La misma experiencia política la vimos en Chile, donde Sebastián Piñera, representante político de la derecha, se adjudicó la victoria electoral imponiéndose al proyecto que encaraban las fuerzas progresistas chilenas.
Los resultados electorales de los últimos años evidencian que los sectores derechistas, conservadores y neoliberales han comenzado a ocupar el mapa americano. Ejemplo de ello son las victorias reportadas en Argentina con Mauricio Macri o lo acontecido en Perú, bajo la tutela de Pedro Pablo Kuczynski, quien tuvo que renunciar a su cargo el pasado mes de marzo tras serias imputaciones de corrupción.
La situación de Ecuador también preocupa, luego de que el expresidente Rafael Correa, quien impulsó reformas sociales significativas, perdiera una elección plebiscitaria y quedara impedido de por vida a ser candidato a la dirección de su país.
Salvo el caso de México, donde el candidato de izquierda Manuel López Obrador venció en las urnas hace unos meses, las fuerzas progresistas y de izquierda parecen menguarse. Eso sin mencionar la crisis por la que atraviesan Gobiernos como Venezuela y Nicaragua.
En Europa, el panorama es similar. El discurso de la extrema derecha asume terreno en Suecia, Dinamarca, Francia, Holanda y Alemania, al capitalizar la frustración social que resulta del deterioro de las condiciones de vida, en particular del empobrecimiento de las clases medias.
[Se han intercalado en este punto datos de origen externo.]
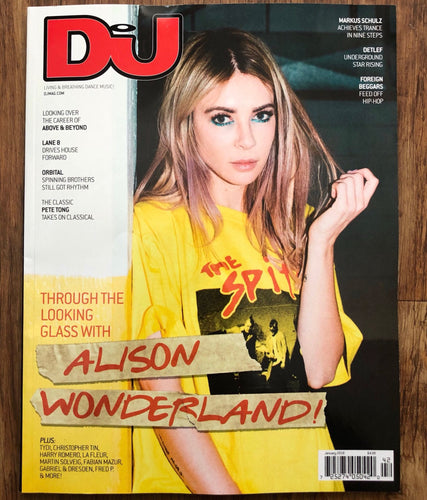 DJ Mag January 2018 (USA & Canada) - digital cover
Se ha visto crecer en esos países un discurso nacionalista que, entre otras cosas, acusa a los inmigrantes de todos los males sociales.
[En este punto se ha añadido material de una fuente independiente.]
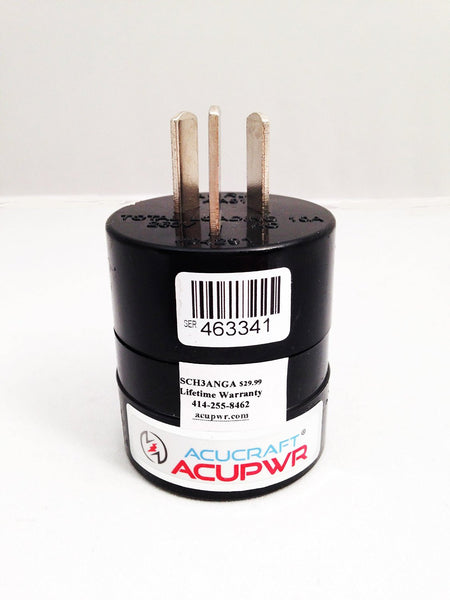 Germany to UK Plug Adapter – ACUPWR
Hay quienes señalan que esa oleada xenófoba, reaccionaria y neoliberal responde a que los sectores de derecha respondieron mejor a los cambios en el mundo mediante un mensaje rudo contra los emigrantes, modelos económicos neoliberales y políticas cada vez más punitivas, que ponen en riesgo la democracia y la estabilidad social.
Ante esto, los movimientos de izquierda se muestran frágiles; han reducido su impacto en medio de la vorágine conservadora; han menguado su presencia en el debate público; y han restado fuerza en el cuadrilátero político.
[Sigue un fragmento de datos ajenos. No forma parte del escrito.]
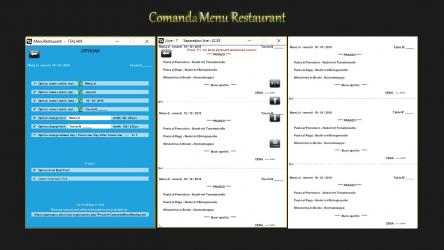 Screenshot 4 Comanda Menu Restaurant PWA windows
Nadie duda de que los sectores progresistas enfrentan nuevos retos. Son tiempos de reinventarse, de mirarlo todo, desechar lo que no funciona y emprender nuevos caminos a favor de la justicia, la democracia y la igualdad, porque, como bien dijo Antonio Gramsci: “El viejo mundo se muere. El nuevo tarda en aparecer. Y en ese claroscuro surgen los monstruos”.